YOUR TASK ->
What must be handed in is the entire listing, exactly as written, with no pictures.

EXTRACTED ENTRIES ->
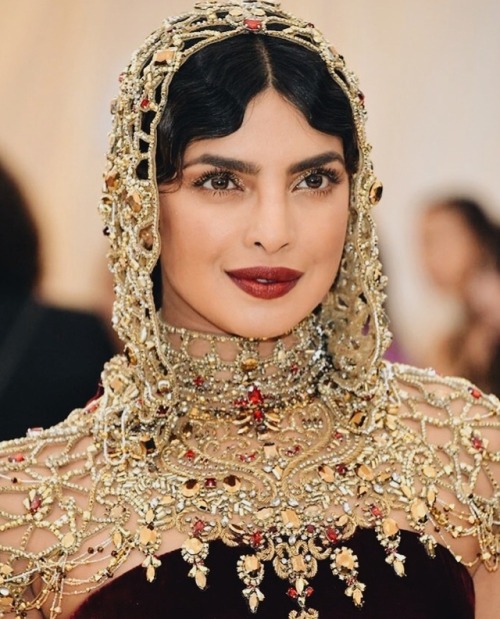 js-official:2018 MET GALA: BEST HEADPIECES, ACCESSORIES AND BEAUTY LOOKS! (PART 1)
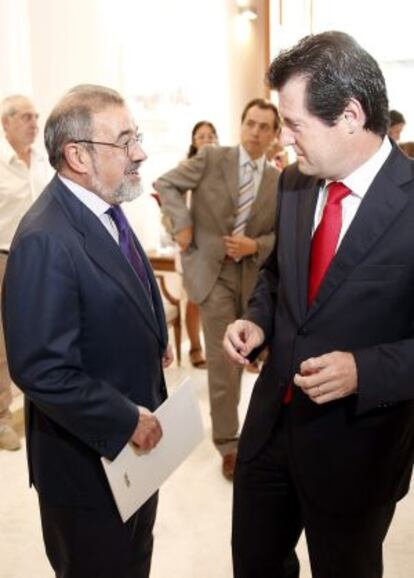 El presidente de Cierval, Jos&eacute; Vicente Gonz&aacute;lez, y el vicepresidente del Consell, Jos&eacute; Ciscar, en las jornadas.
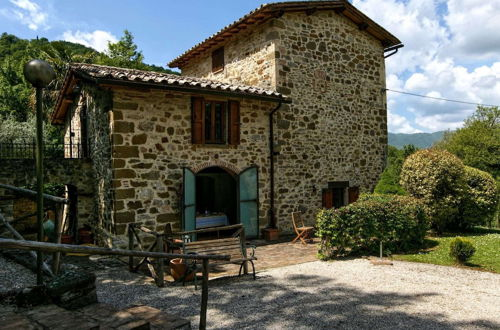 Photo 33 - Holiday House with Pool & Large Garden Overlooking Lake near Tuscany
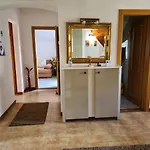 Varlak Apartmans ✷ ✷ ✷ Apartament Siófok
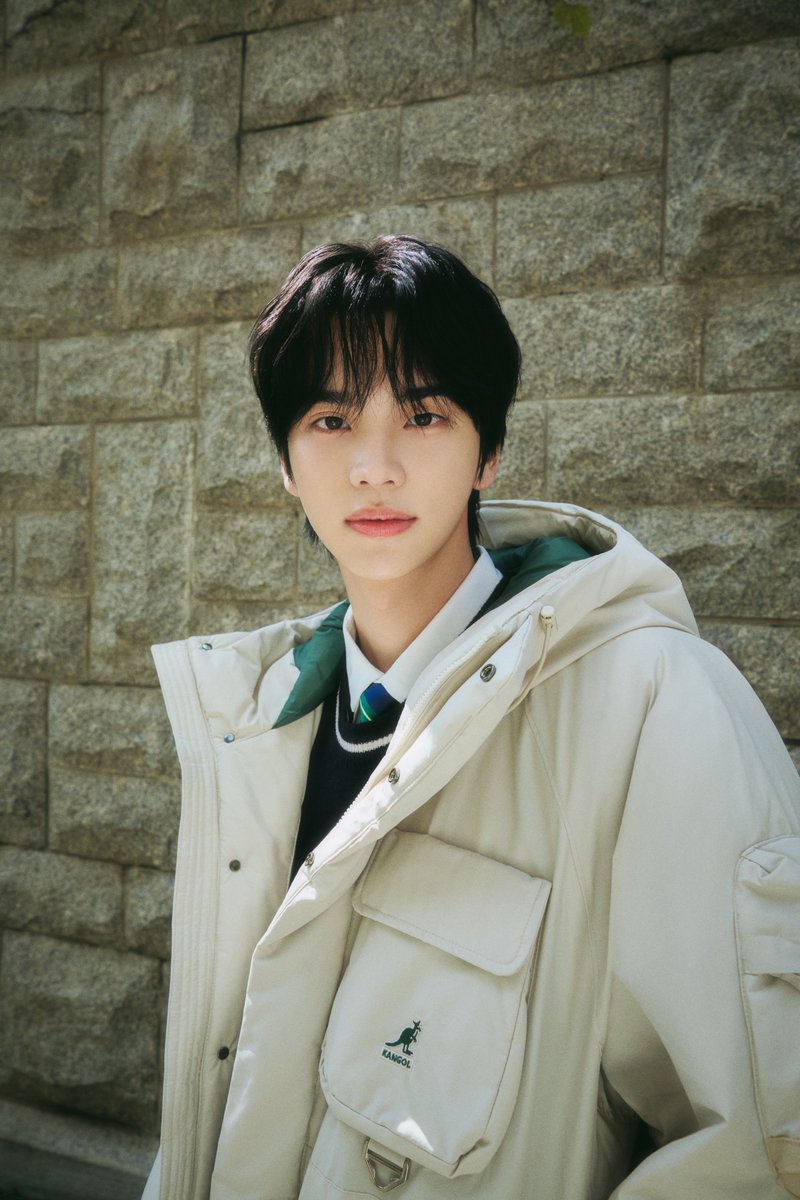kangol_korea's tweet photo. #KANGOL with SHINYU
24’ WINTER COLLECTION

💙 신유’s PICK 💙
• 레트로코어 60/40 마운틴 파카
• 칼리지 심볼 스웨터

ONLINE PROMOTION
✔ TWS 기획전 제품 10만원 이상 구매 시 TWS 필름 키링 증정
✔ 최대 100만원 혜택, ���우터 리뷰 이벤트 https://t.co/rrJvONEa3f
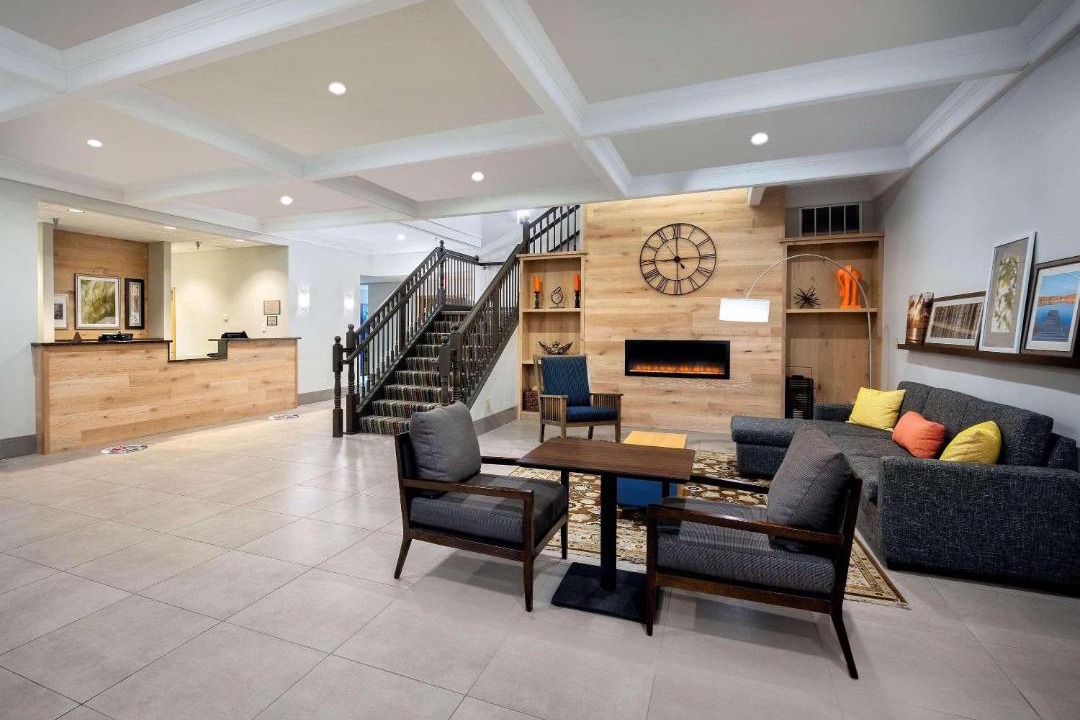 Photo of Livingroom in Albertville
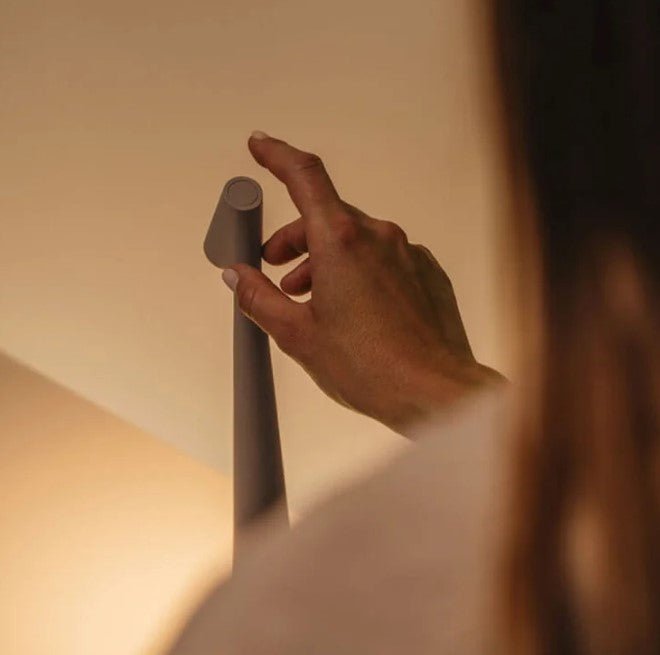 Nowoczesna bezprzewodowa lampa stołowa LED z aluminium. Designerskie oświetlenie idealne do salonu i sypialni.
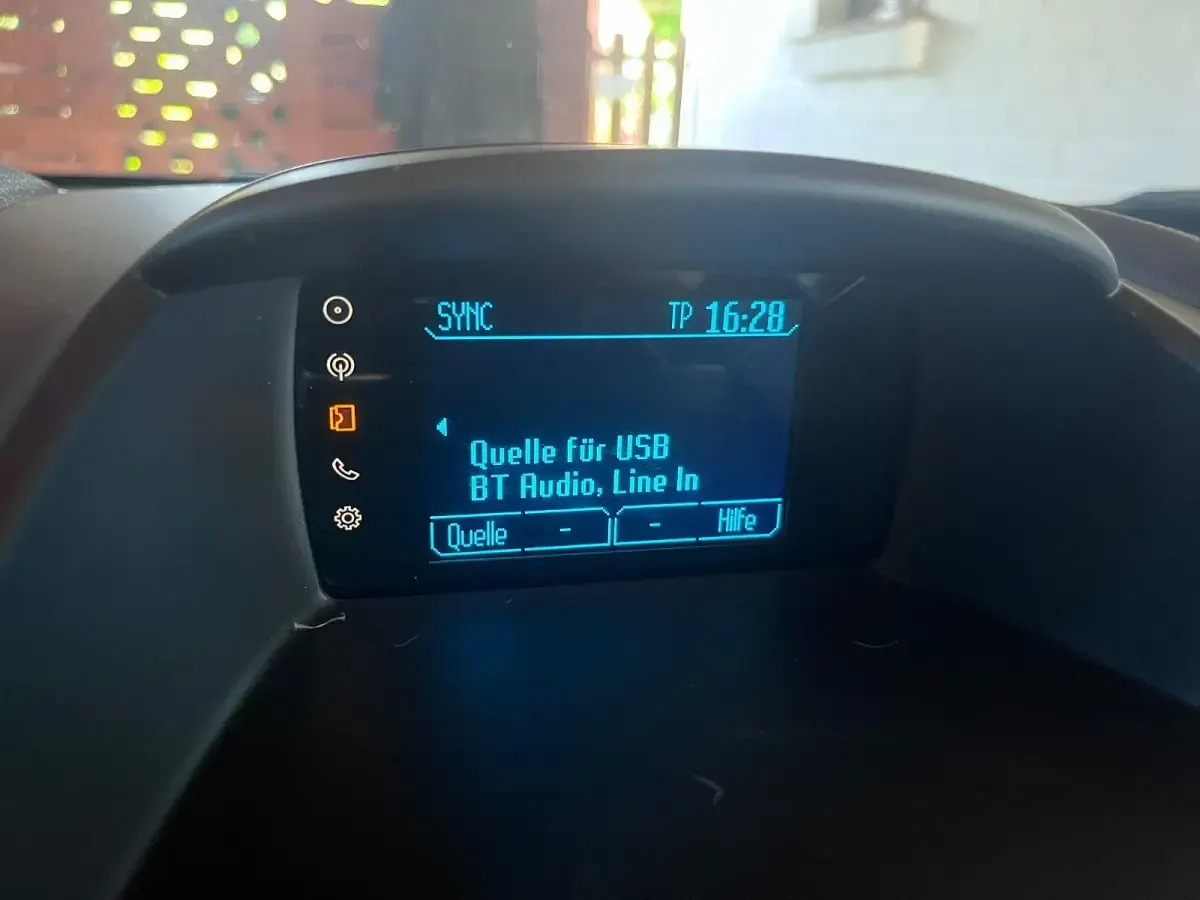 Gebraucht Ford Fiesta SYNC Edition 101 PS (74 kW) 2014 Rot Kleinwagen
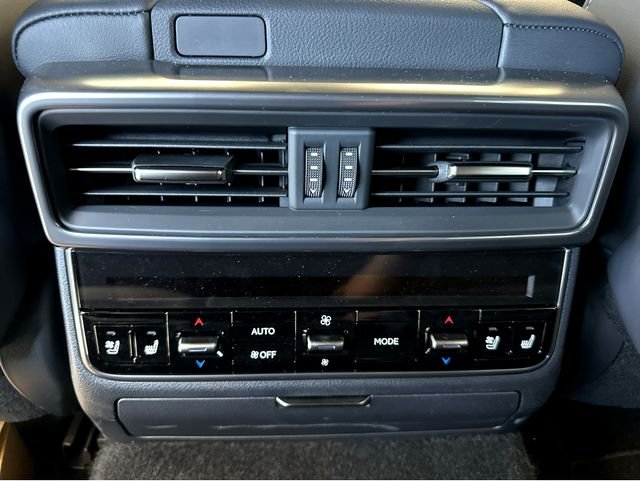 2026 Lexus LX 700h Luxury - Photo 17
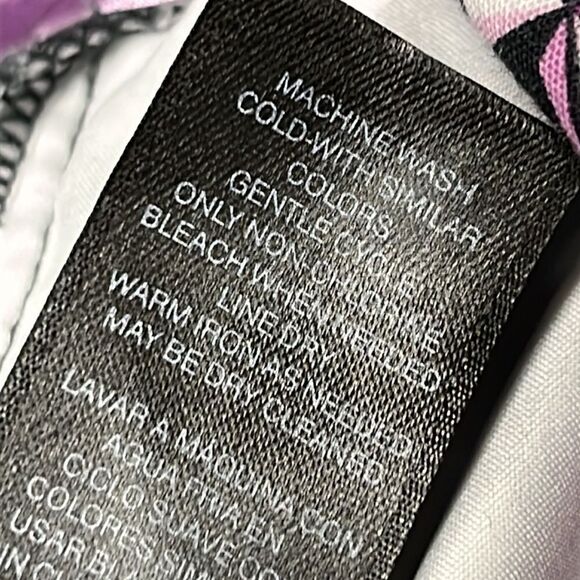 White House Black Market Abstract Print Short 4 Pocket Clasp Zip Shorts- Size 6 - Picture 16 of 16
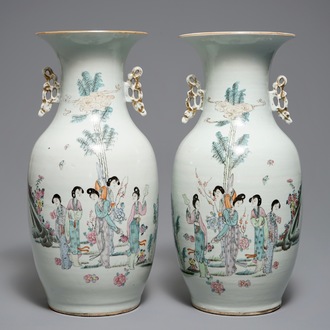 A pair of Chinese famille rose vases with ladies in a garden, 19/20th C.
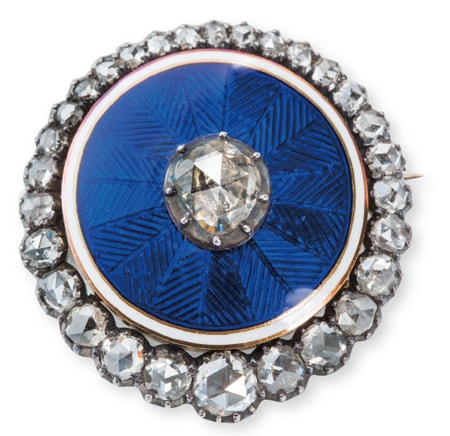 ギロッシュエナメルのブローチ（個人蔵121）彫刻されたシルバーの上にエナメルを盛って表情を出している。裏面はゴールドを使用。1860年頃のイギリス製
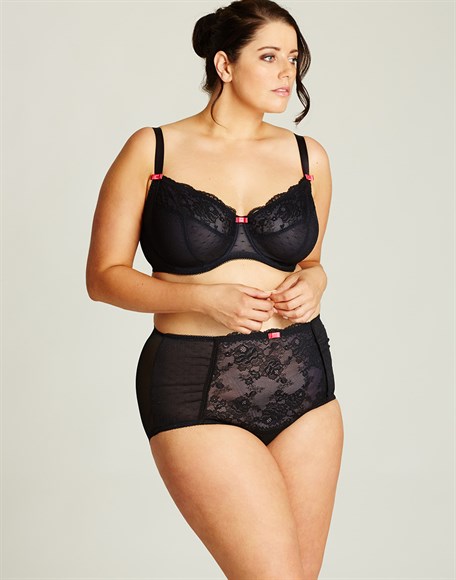 Sexy Plus Size Lingerie - This is Meagan Kerr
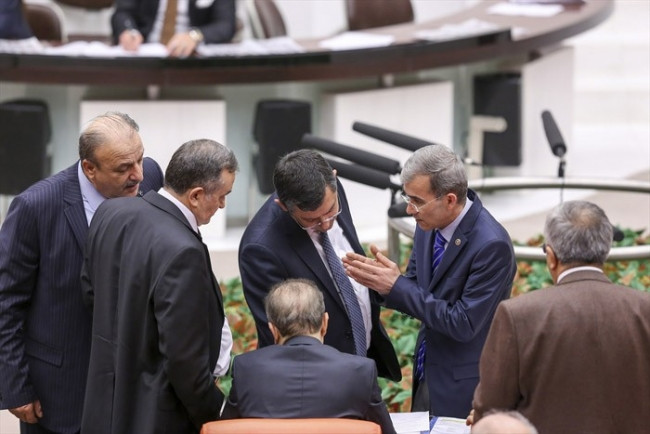 Oktay Vural'ın İdris Baluken'e bakışları..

RESULT OF THIS TASK ->
 js-official:2018 MET GALA: BEST HEADPIECES, ACCESSORIES AND BEAUTY LOOKS! (PART 1)
 El presidente de Cierval, Jos&eacute; Vicente Gonz&aacute;lez, y el vicepresidente del Consell, Jos&eacute; Ciscar, en las jornadas.
 Photo 33 - Holiday House with Pool & Large Garden Overlooking Lake near Tuscany
 Varlak Apartmans ✷ ✷ ✷ Apartament Siófok
kangol_korea's tweet photo. #KANGOL with SHINYU
24’ WINTER COLLECTION

💙 신유’s PICK 💙
• 레트로코어 60/40 마운틴 파카
• 칼리지 심볼 스웨터

ONLINE PROMOTION
✔ TWS 기획전 제품 10만원 이상 구매 시 TWS 필름 키링 증정
✔ 최대 100만원 혜택, ���우터 리뷰 이벤트 https://t.co/rrJvONEa3f
 Photo of Livingroom in Albertville
 Nowoczesna bezprzewodowa lampa stołowa LED z aluminium. Designerskie oświetlenie idealne do salonu i sypialni.
 Gebraucht Ford Fiesta SYNC Edition 101 PS (74 kW) 2014 Rot Kleinwagen
 2026 Lexus LX 700h Luxury - Photo 17
 White House Black Market Abstract Print Short 4 Pocket Clasp Zip Shorts- Size 6 - Picture 16 of 16
 A pair of Chinese famille rose vases with ladies in a garden, 19/20th C.
 ギロッシュエナメルのブローチ（個人蔵121）彫刻されたシルバーの上にエナメルを盛って表情を出している。裏面はゴールドを使用。1860年頃のイギリス製
 Sexy Plus Size Lingerie - This is Meagan Kerr
 Oktay Vural'ın İdris Baluken'e bakışları..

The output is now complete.